Short text fragments from websites

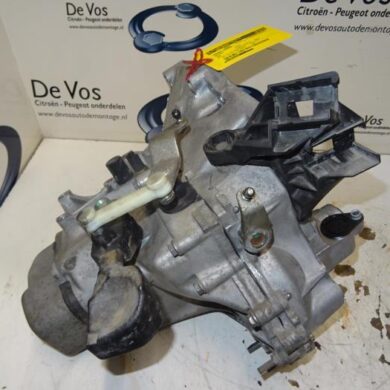 Peugeot 208  Versnellingsbak ZMZZM01 2015 9803846180-1608887480-9678076280-1607149280 20CR14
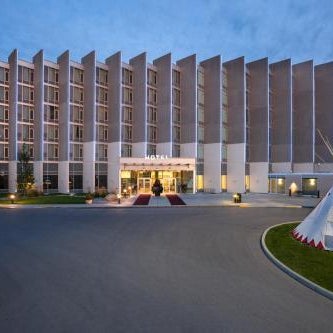 Grey Eagle Resort Thumbnail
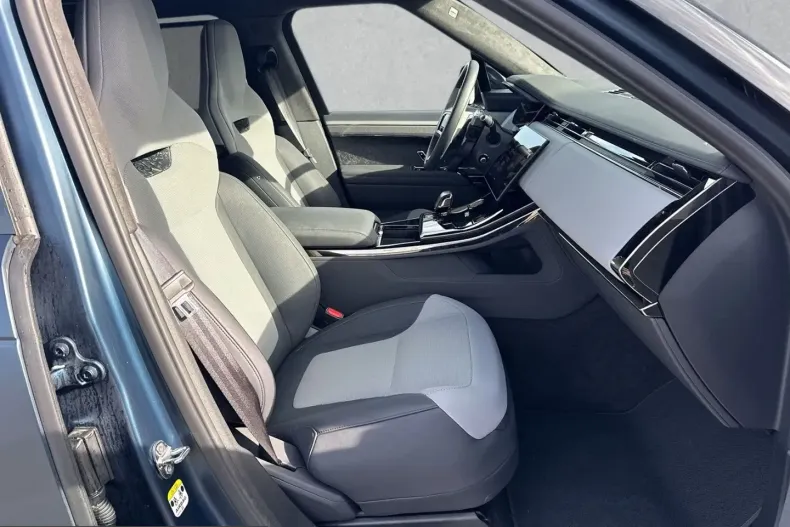 Land Rover Range Rover Sport din 2025 cu 12.822 km - oferta LAN222173 - foto 3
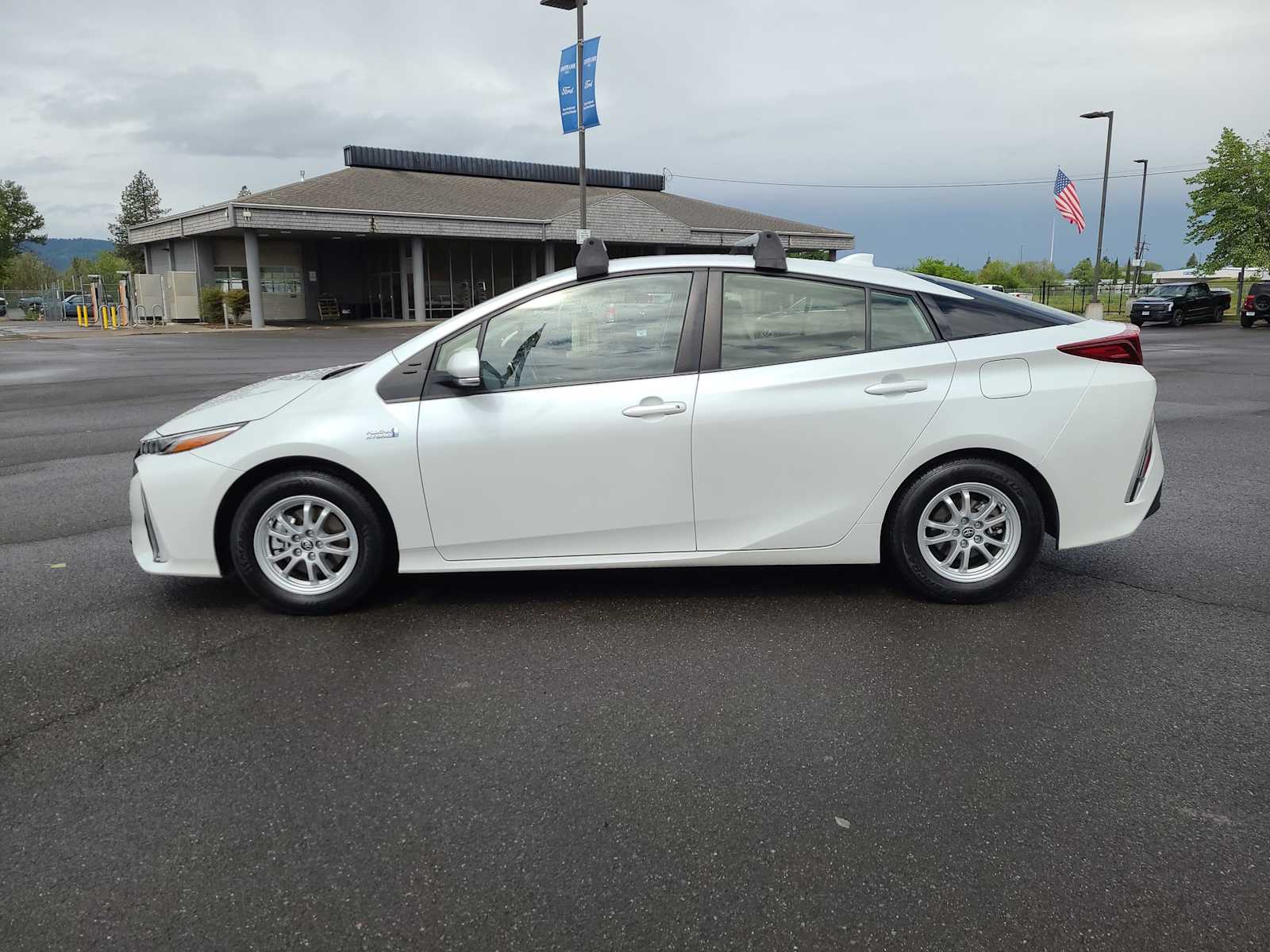Thumbnail: 2021 Toyota Prius Prime - 11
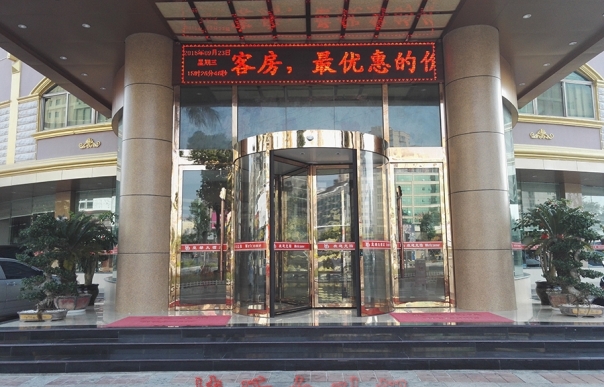 三翼旋轉(zhuǎn)自動(dòng)門(mén)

**AIM OF THE TASK**: Transcribe exactly, and only, the lines from the line with "Grey Eagle Resort Thumbnail" through the last line of the records, inclusive; the pictures do not belong in the copy.

**EXERCISE RESPONSE**:
 Grey Eagle Resort Thumbnail
 Land Rover Range Rover Sport din 2025 cu 12.822 km - oferta LAN222173 - foto 3
Thumbnail: 2021 Toyota Prius Prime - 11
 三翼旋轉(zhuǎn)自動(dòng)門(mén)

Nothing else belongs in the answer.